**Data listing**
■ ■ ■ ■ ■ ■ ■

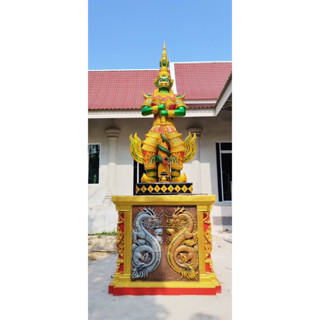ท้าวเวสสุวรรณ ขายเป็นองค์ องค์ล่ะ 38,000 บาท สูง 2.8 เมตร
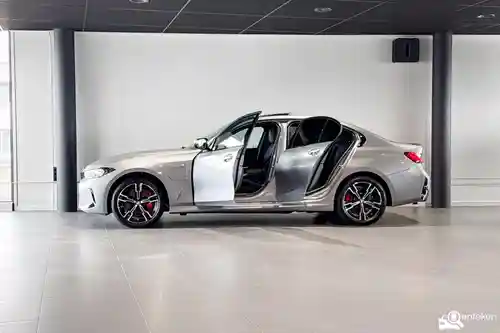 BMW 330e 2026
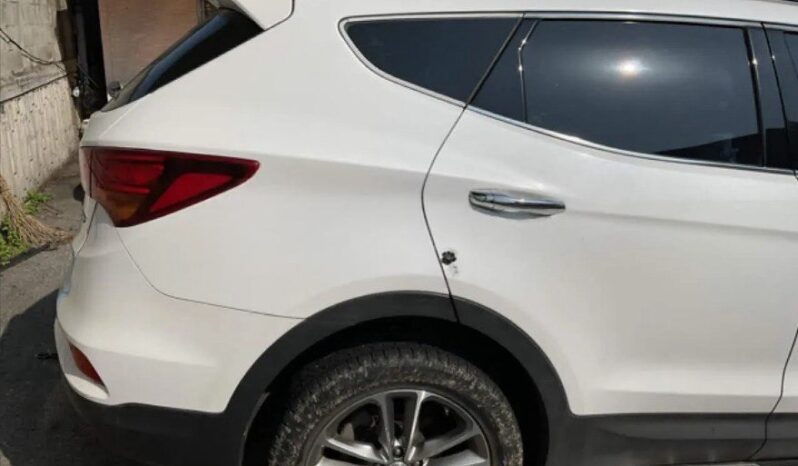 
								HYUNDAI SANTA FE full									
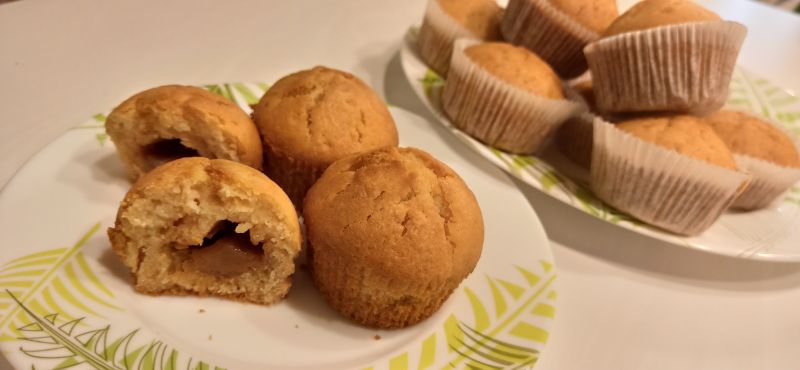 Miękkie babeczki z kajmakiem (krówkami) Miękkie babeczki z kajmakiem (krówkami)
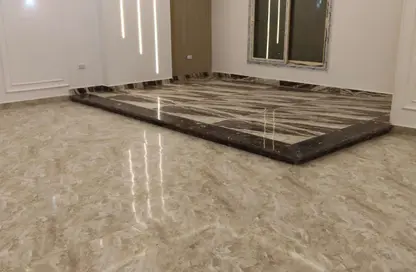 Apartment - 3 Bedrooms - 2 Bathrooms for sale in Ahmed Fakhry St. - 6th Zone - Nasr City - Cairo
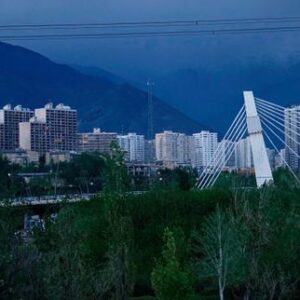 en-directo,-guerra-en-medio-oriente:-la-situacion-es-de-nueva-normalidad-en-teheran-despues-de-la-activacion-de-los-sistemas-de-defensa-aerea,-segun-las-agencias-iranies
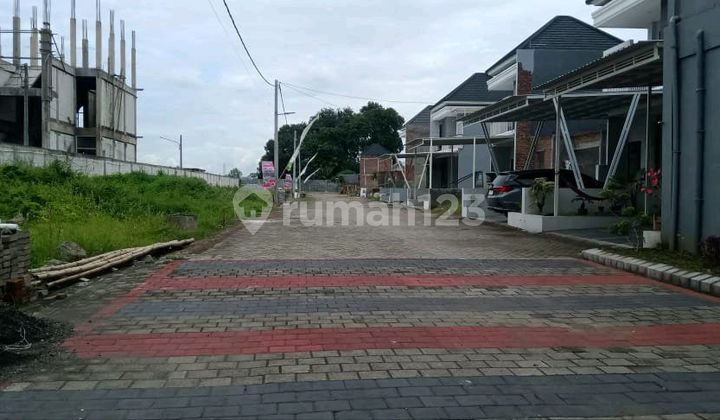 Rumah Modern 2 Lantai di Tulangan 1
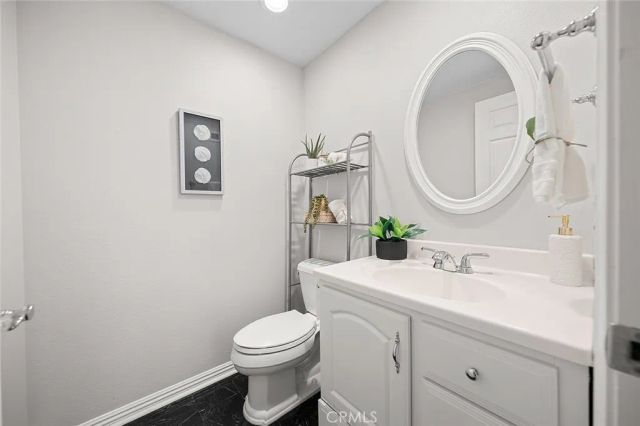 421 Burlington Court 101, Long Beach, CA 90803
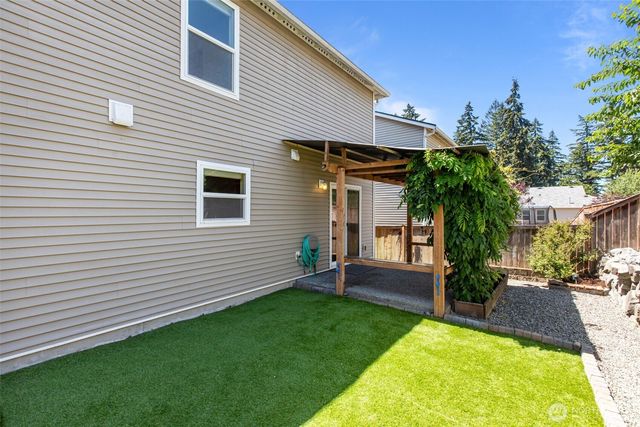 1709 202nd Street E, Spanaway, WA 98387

■ ■ ■ ■ ■ ■ ■

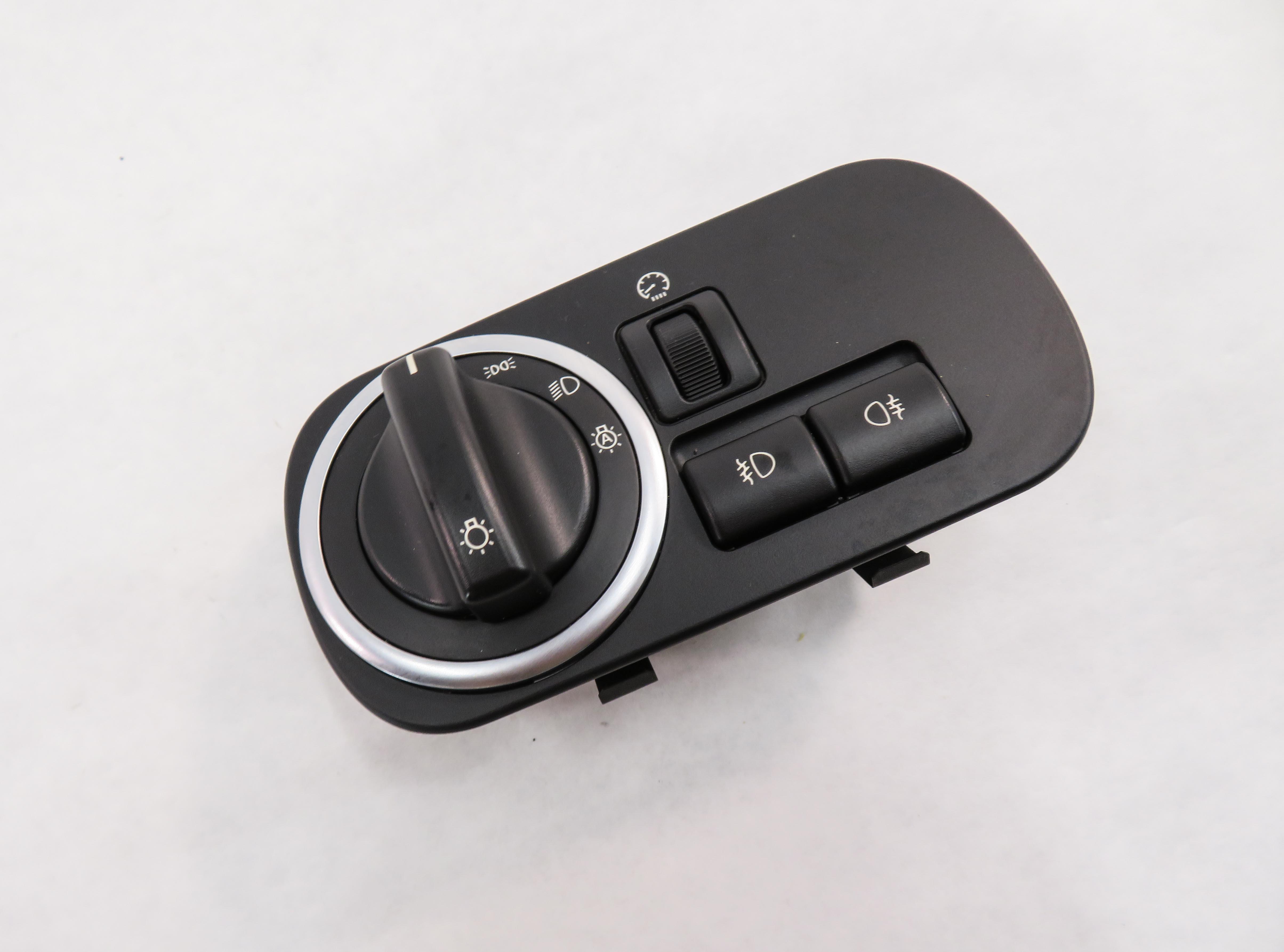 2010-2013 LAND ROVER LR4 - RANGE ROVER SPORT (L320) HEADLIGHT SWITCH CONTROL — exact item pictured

■ ■ ■ ■ ■ ■ ■

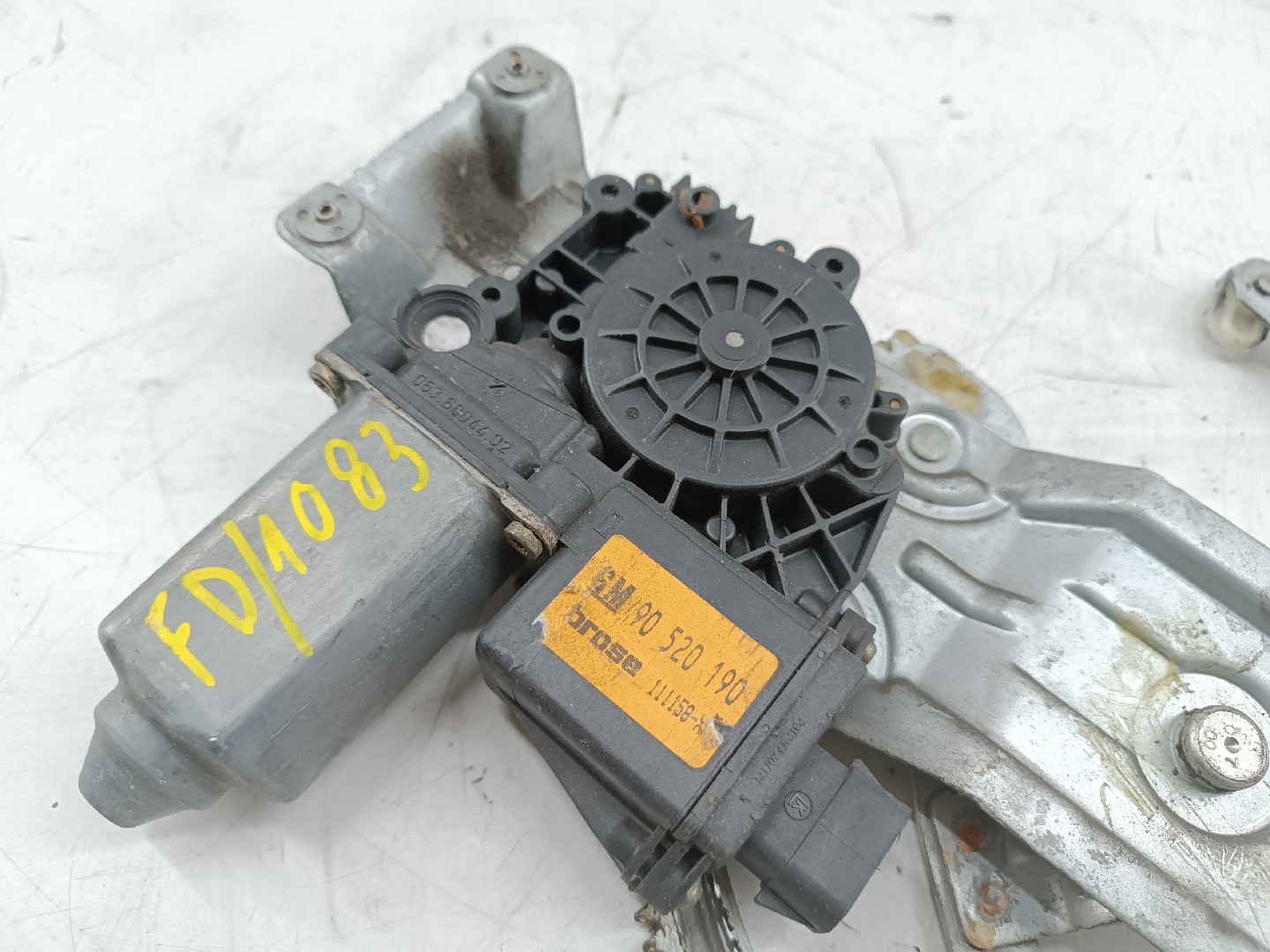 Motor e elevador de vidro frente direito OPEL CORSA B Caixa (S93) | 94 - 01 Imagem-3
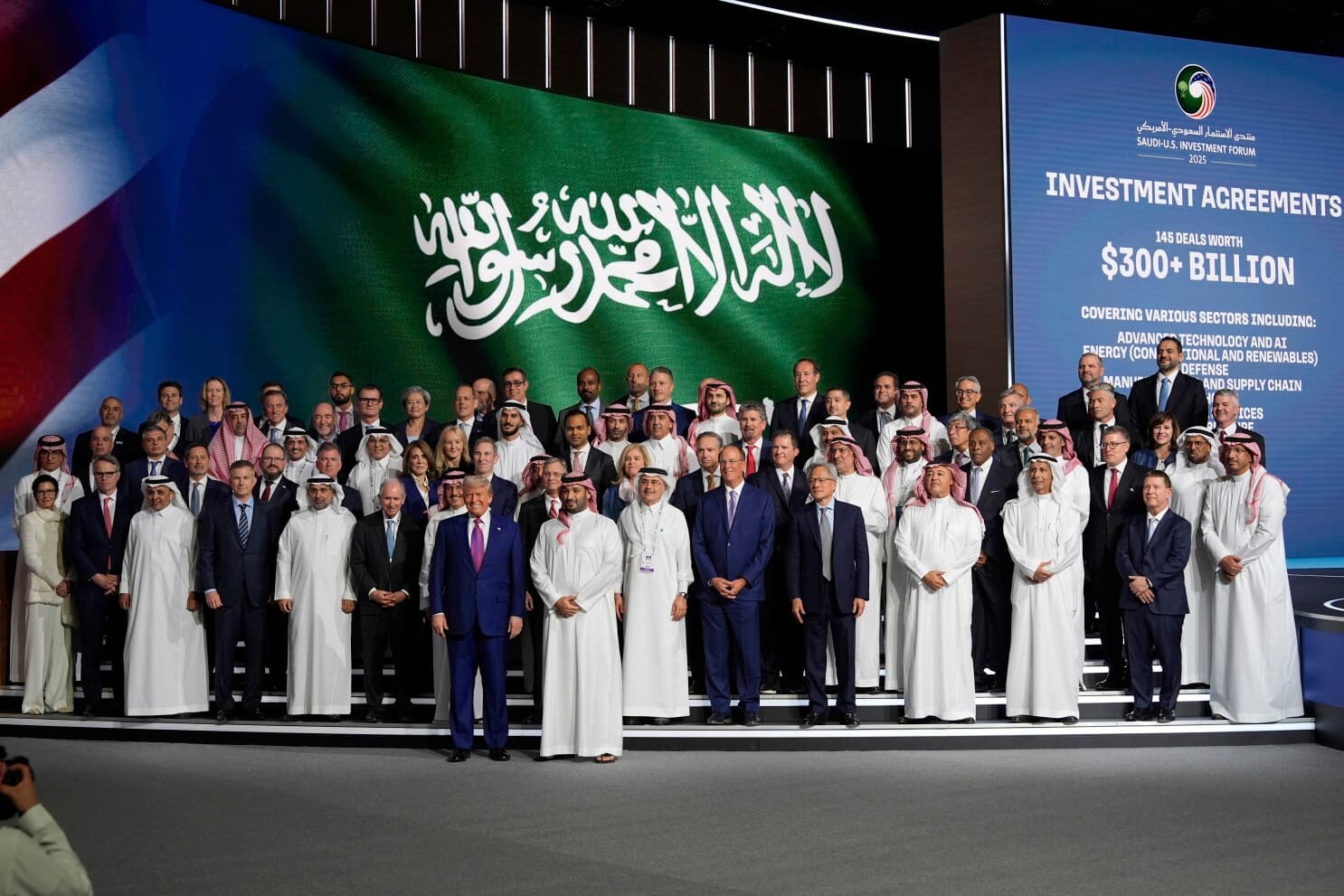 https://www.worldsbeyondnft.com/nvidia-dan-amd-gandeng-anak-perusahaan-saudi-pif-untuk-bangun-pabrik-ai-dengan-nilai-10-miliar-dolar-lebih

■ ■ ■ ■ ■ ■ ■

**Task objective**
Exact copy, no pictures. Write out the lines in the entries above, starting with the line with "421 Burlington Court" and going on through the line with "1709 202nd Street E, Spanaway, WA 98387", keeping both.

**Final answer**
 421 Burlington Court 101, Long Beach, CA 90803
 1709 202nd Street E, Spanaway, WA 98387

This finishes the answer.